NASA's Terra satellite captured an image of Typhoon Fengshen after its eye opened as Fengshen had strengthened from a tropical storm to a typhoon and developed an eye.
On Nov. 15, the Moderate Resolution Imaging Spectroradiometer or MODIS instrument that flies aboard NASA's Terra satellite provided a visible image of Fengshen. The MODIS image showed the cyclone was producing a large area of deep convection and strong thunderstorms around the visible eye. MODIS imagery showed the eye is about 10 nautical miles in diameter. Bands of thunderstorms were wrapping into the eye.
At 5 a.m. EDT (0900 UTC), the center of Typhoon Fengshen was located near latitude 21.6 degrees north and longitude 142.3 degrees east. That is about 227 nautical miles south-southeast of Iwo To Island, Japan. Fengshen has tracked to the north-northwest. Maximum sustained winds were near 110 knots (127 mph/204 kph).
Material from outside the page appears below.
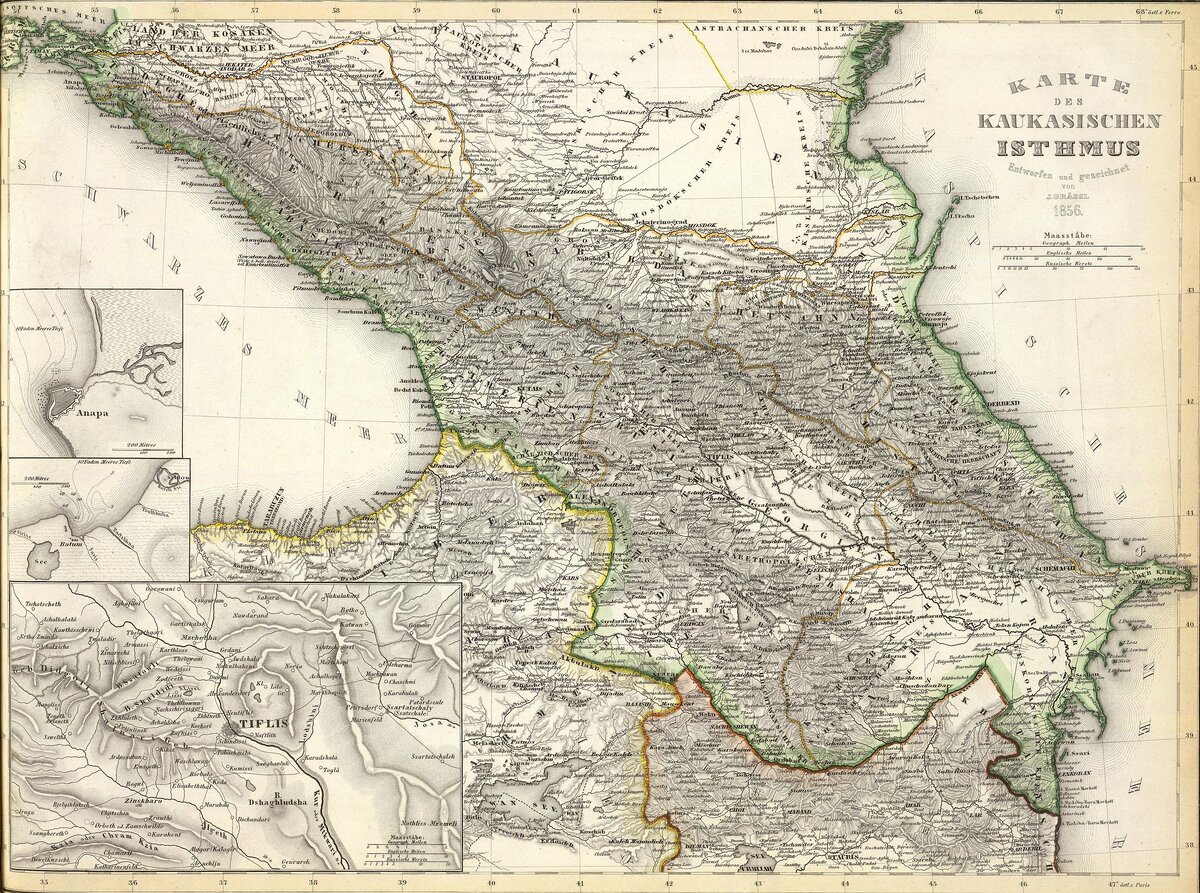 Meyer, Joseph. Karte des Kaukasischen Isthmus. Entworfen und gezeichnet von J. Grassl, 1856.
The Joint Typhoon Warning Center expects slight strengthening over the day on Nov. 15 before a weakening trend begins. The storm is expected to make a loop over the next five days and head toward the northwest by Nov. 19, passing to the northeast of Iwo To.
NASA's Terra satellite is one in a fleet of NASA satellites that provide data for hurricane research.
Hurricanes are the most powerful weather event on Earth. NASA's expertise in space and scientific exploration contributes to essential services provided to the American people by other federal agencies, such as hurricane weather forecasting.